Environmental Laws and Regulations
 
The activities of the Company are subject to numerous stringent and complex federal, state and local laws and regulations governing environmental protection. These laws and regulations can change, restrict or otherwise impact the Company's business activities in many ways, including the handling or disposal of waste material, planning for future construction activities to avoid or mitigate harm to threatened or endangered species and requiring the installation and operation of emissions control equipment. Failure to comply with these laws and regulations could result in the assessment of administrative, civil and criminal penalties, the imposition of remedial requirements and the issuance of orders enjoining future operations. Management believes that all of its operations are in substantial compliance with current federal, state and local environmental standards.

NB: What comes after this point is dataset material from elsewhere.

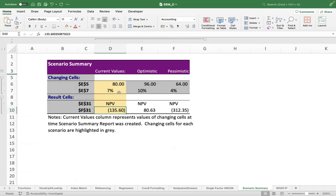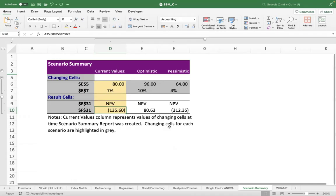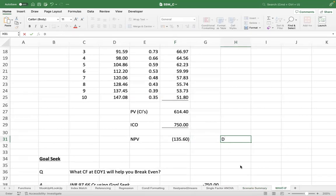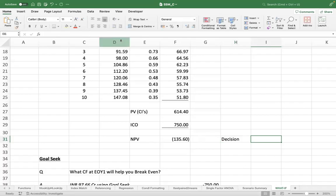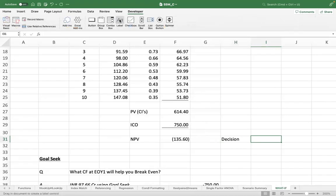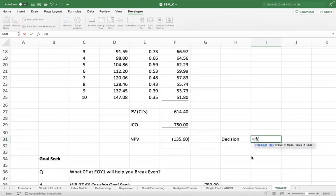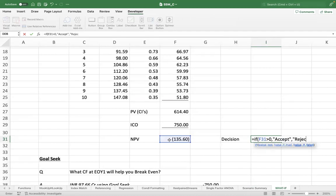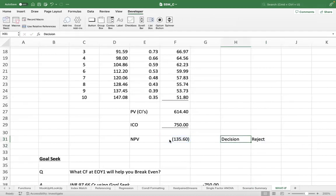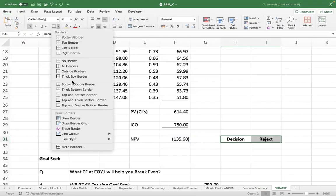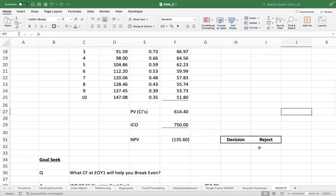You can also, as I mentioned earlier, you can populate your decision here. So let's say I put, if my NPV is greater than zero, then accept, else reject. So here you will see that this box also comes through.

Environmental regulation can increase the cost of planning, design, initial installation and operation of OG&E's facilities. Management continues to evaluate its compliance with existing and proposed environmental legislation and regulations and implement appropriate environmental programs in a competitive market.
 
Air Quality Control System

The Dry Scrubber system on Sooner Unit 1 completed certain emission testing in October 2018 and was placed into service. The Dry Scrubber system on Sooner Unit 2 completed certain emission testing in January 2019 and was placed into service. More detail regarding the ECP can be found under "Pending Regulatory Matters" in Note 15.

Clean Power Plan

On October 23, 2015, the EPA published the final Clean Power Plan that established standards of performance for CO2 emissions from existing fossil-fuel-fired power plants along with state-specific CO2 reduction standards expressed as both rate-based (lbs./MWh) and mass-based (tons/yr.) goals. However, the rule was challenged in court when it was issued, and the U.S. Supreme Court issued orders staying implementation of the Clean Power Plan on February 9, 2016 pending resolution of the court challenges. The EPA published a proposal on October 16, 2017 to repeal the Clean Power Plan. On August 31, 2018, without acting on the proposed repeal of the Clean Power Plan, the EPA published a proposed rule to replace the Clean Power Plan. The ultimate timing and impact of these standards on OG&E's operations cannot be determined with certainty at this time, although a requirement for significant reduction of CO2 emissions from existing fossil-fuel-fired power plants ultimately could result in significant additional compliance costs that would affect the Company's future consolidated financial position, results of operations and cash flows if such costs are not recovered through regulated rates.

Other
 
In the normal course of business, the Company is confronted with issues or events that may result in a contingent liability. These generally relate to lawsuits or claims made by third parties, including governmental agencies. When appropriate, management consults with legal counsel and other experts to assess the claim. If, in management's opinion, the Company has incurred a probable loss as set forth by GAAP, an estimate is made of the loss, and the appropriate accounting entries are reflected in the Company's Consolidated Financial Statements. At the present time, based on current available information, the Company believes that any reasonably possible losses in excess of accrued amounts arising out of pending or threatened lawsuits or claims would not be quantitatively material to its financial statements and would not have a material adverse effect on the Company's consolidated financial position, results of operations or cash flows.